L’impasse du Maghreb  
 
On dit que les dictateurs arabes font le lit du terrorisme mais le contraire est aussi vrai: les terroristes donnent de l’oxygène frais à des régimes usés par le temps. Les terroristes qui se font sauter au milieu la foule algéroise cherchent-ils vraiment un raccourci vers le paradis en tuant des innocents?  Ou bien sont-ils tout simplement animés par la haine, une haine terrible, sans limites envers soi-même et envers les autres?
Les Maghrébins de la diaspora, comme moi, ne savent plus à quel saint se vouer. On ne peut sympathiser ni avec les juntes autoritaires d’Alger et de Tunis ni avec les terroristes qui prétendent combattre le "taghout" (tyrannie) alors qu’ils ne font que massacrer des civils et prolonger la vie de ces régimes corrompus et ainsi maintenir le statu quo.  

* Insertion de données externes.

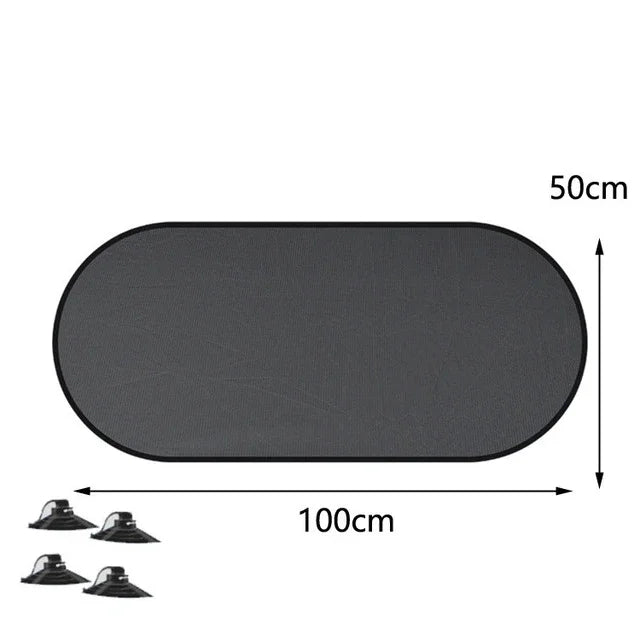 3D Mesh Car Window Sunshade Set – UV Blocker & Heat Reflector (4-Piece)/Car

Les attentats et les affrontements armés sont du pain béni pour des régimes comme celui de Ben Ali. Plus les bombes explosent et plus le silence de plomb s’installe. En outre, les démocrates et les militants des droits humains au Maghreb se sentent coupés des masses qu’ils sont censés défendre. Les raisons sont multiples mais je les résumerais en trois:
- Une majorité de jeunes Maghrébins ne croient plus au changement intérieur et ne rêvent plus que d’Europe ou d’Amérique, et même - pourquoi pas? - d’un "bateau pour l’Australie" (1). Ils ne voient pas leur avenir au Maghreb alors pourquoi s’intéresser à ses problèmes?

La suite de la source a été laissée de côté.